With a well-orchestrated political campaign masking itself as a prayer rally two of the ICC suspects Deputy Prime Minister/Finance Minister Uhuru Kenyatta and North Eldoret MP William Ruto have managed to capture the issue of the ICC case and frame it to their advantage.

The almost full day, non-stop press coverage of the political rally by most of the TV stations and newspapers has helped this process of capture along.

Yes the coverage of the Uhuru Park rally has been juxtaposed with the stories of still to be resettled IDPs, but if voice is measured in amount of air coverage, or in column inches whose voice is louder, the IDPs or the MPs who attended the Uhuru Park rally? While the suspects remain innocent till proven guilty, the record does need to be set straight about how those at the rally framed the issues.

Issue 1: The return of the suspects was framed as a return of conquering heroes. I leave the definition of hero up to you but the truth is there was nothing to conquer. There was no danger of the suspects being arrested, this around at least. The suspects’ visit to the ICC was in response to a summons to have the charges formally read to them and for the suspects to formally identify themselves to the court.

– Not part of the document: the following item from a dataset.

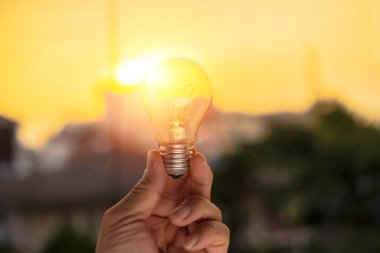 Gün batımı enerjili bir ampulü tutan el, sürdürülebilir gelişim. Ekoloji kavramı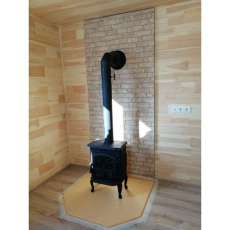 Чугунный камин со стеклом Сибирь 7 фото в интерьере в Мозыре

Issue 2: The ICC and the court process are being likened to the colonial process with constant reference to the judges as ‘wale wazungu’. However the ICC process is nothing like colonization.  Kenya is a voluntary signatory to the ICC statute, a statute that was domesticated in 2008 when parliament enacted the International Crimes Act Cap 16 of 2008.  The freely enacted statute both binds Kenya to the Rome Statute and criminalises wilful attempts to obstruct justice of the ICC (Section 5 and 10). Ironically several of the parliamentarians on the podium at the Uhuru Park were also part of the Parliament at the time when the Rome Statute was made domestic law.

Issue 3: Reconciliation: Some of the MPs at the rally adopted a conciliatory tone.  However as with everything that is said the true measure of reconciliation is the gap between the rhetoric and the action. Between 2007/2008 when the post election violence, how many IDPs have been resettled? How many are still in camps? How many  refugees does Kenya have residing in Uganda? Have IDPs been able to return their homes?

I read somewhere that Rwanda confines its political campaigns to one month before the elections as politicking in Kenya seems to be taking an increasingly destructive tone maybe we should consider doing the same.